• Records for the task:
★ ★ ★ ★ ★ ★ ★

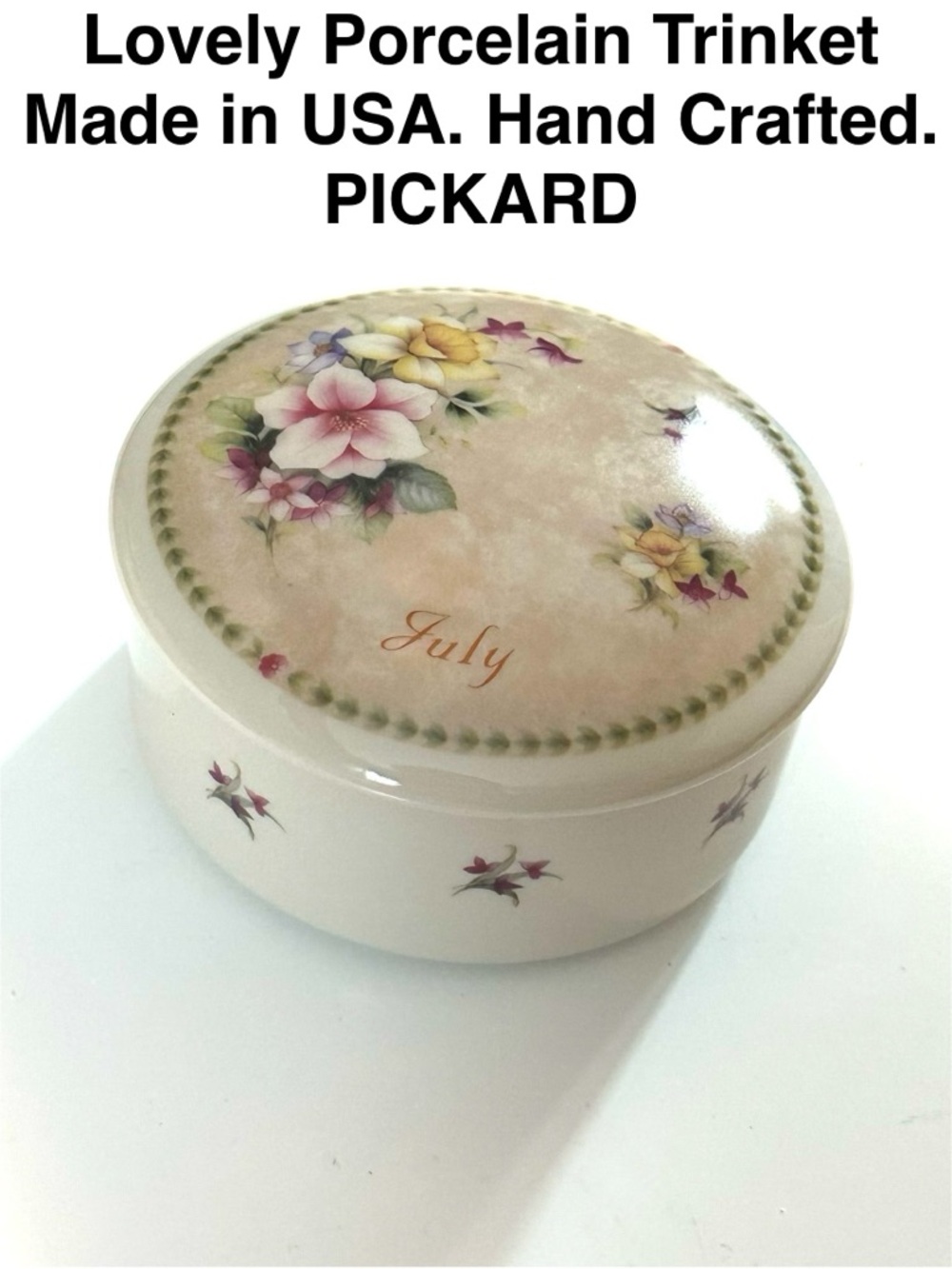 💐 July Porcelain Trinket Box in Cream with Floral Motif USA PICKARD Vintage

★ ★ ★ ★ ★ ★ ★

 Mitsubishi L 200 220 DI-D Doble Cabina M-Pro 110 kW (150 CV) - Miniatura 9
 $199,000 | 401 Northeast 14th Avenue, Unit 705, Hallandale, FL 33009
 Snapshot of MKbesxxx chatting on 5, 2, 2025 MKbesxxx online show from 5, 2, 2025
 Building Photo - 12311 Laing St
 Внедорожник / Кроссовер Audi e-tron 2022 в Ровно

★ ★ ★ ★ ★ ★ ★

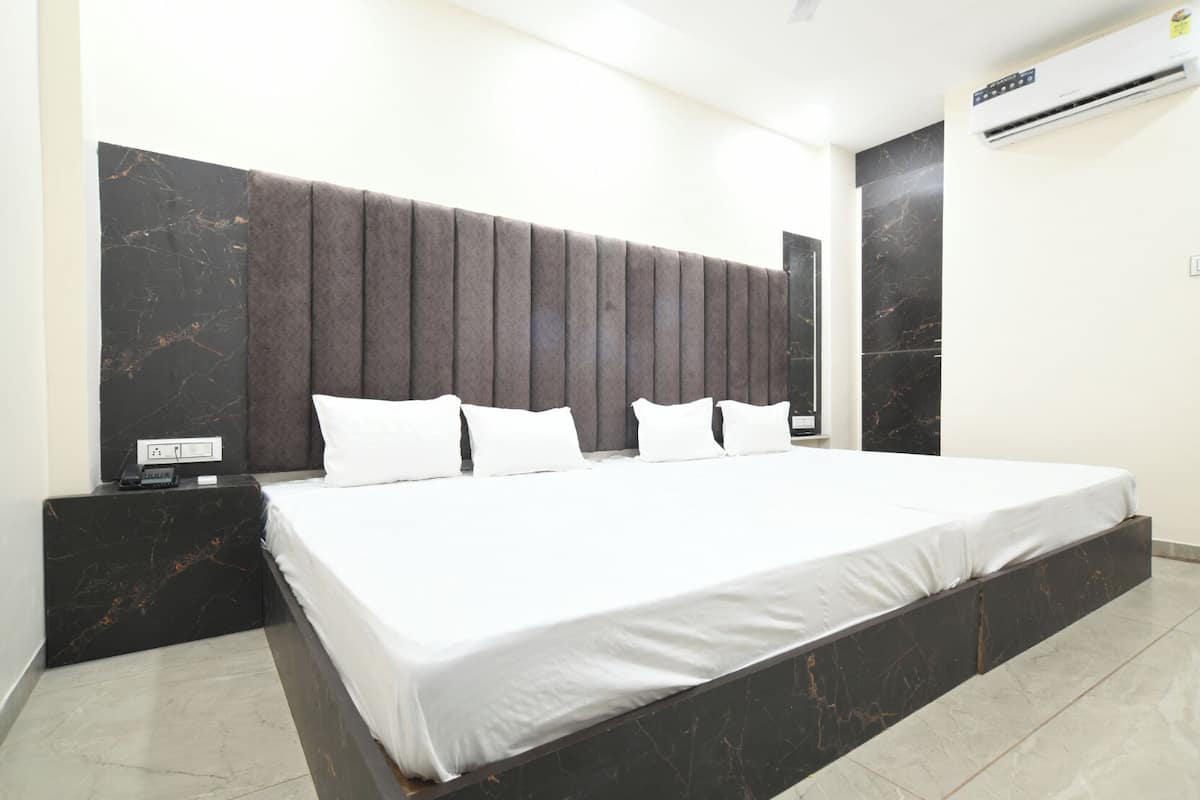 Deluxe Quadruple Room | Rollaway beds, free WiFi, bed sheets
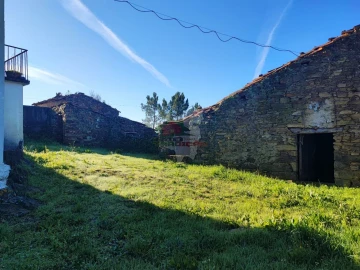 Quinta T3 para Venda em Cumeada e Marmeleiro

★ ★ ★ ★ ★ ★ ★

• Problem details: Using the records above, set down exactly the lines from the one with "Snapshot of MKbesxxx" through the one with "Внедорожник / Кроссовер", inclusive, and nothing more.

• Task answer:
 Snapshot of MKbesxxx chatting on 5, 2, 2025 MKbesxxx online show from 5, 2, 2025
 Building Photo - 12311 Laing St
 Внедорожник / Кроссовер Audi e-tron 2022 в Ровно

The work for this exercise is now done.